Visual Layer Documentation: Visual Intelligence, At Scale

How This Helps

Incrementally add new media (images or videos) to an already-indexed dataset without re-processing everything from scratch. New media is processed as an independent batch and becomes immediately visible. When ready, trigger a full reindex to re-cluster the entire dataset.

Use status_new for all status checks. The status field is being retired. See Retrieve Dataset Status.

Prerequisites

Before calling the Add Media API, ensure:

Dataset status is READY or PARTIAL INDEX
Dataset has an embedding config — the dataset must have been indexed at least once with an embedding model so new media uses the same model for consistency
Authentication — you need a valid JWT token or session cookie (see Authentication)

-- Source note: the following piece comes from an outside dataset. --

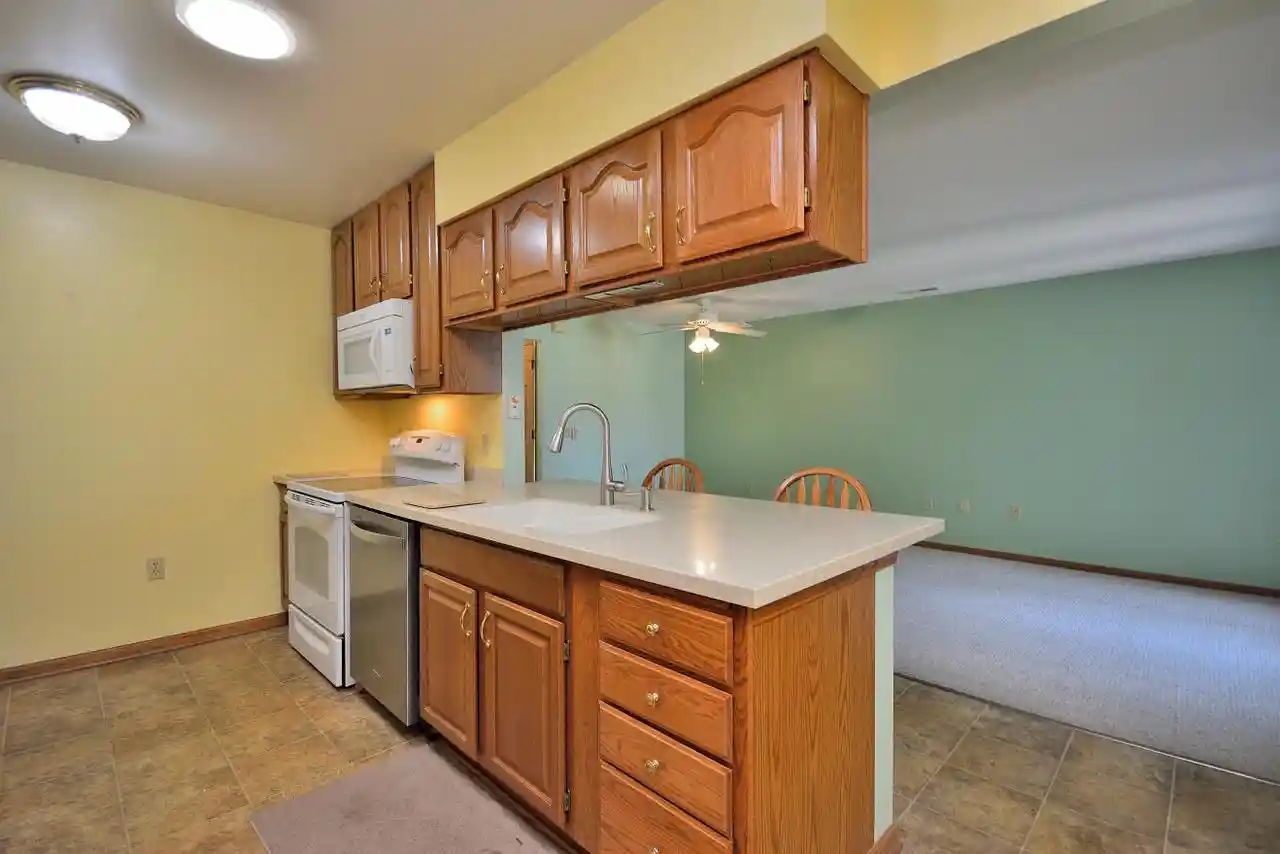 2nd image of 306 Hartford Square Square #3, Hartford, WI 53027 | MLS# 1971889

You can verify your dataset status using the Retrieve Dataset Status endpoint before attempting to add media.

API Endpoint

POST /api/v1/dataset/{dataset_id}/add_media
Content-Type: multipart/form-data
Authorization: Bearer <jwt>

Media Sources

Exactly one media source must be provided per request:

Source	Form Field	Description
S3 Folder (Recommended)	`s3_uri`	Path to an S3 bucket folder containing media files
S3 Manifest	`s3_uri`	Path to a `.csv`, `.parquet`, or `.txt` manifest file listing media
Direct Upload	`files`	One or more files uploaded via multipart form
Archive Upload	`archive`	A single `.zip`, `.tar`, or `.tar.gz` archive

Optional Parameters

Parameter	Type	Default	Description
`auto_reindex`	boolean	`false`	Automatically run a full reindex after the partial update completes
`assume_role`	string	`null`	AWS IAM role ARN to assume for cross-account S3 access
`batch_n_videos`	integer	`null`	Override auto-calculated video count (for resource allocation)
`batch_n_images`	integer	`null`	Override auto-calculated image count (for resource allocation)
`batch_n_objects`	integer	`null`	Override auto-calculated object count (for resource allocation)
`use_spot`	boolean	`null`	Allow pod scheduling on spot instances (cloud only)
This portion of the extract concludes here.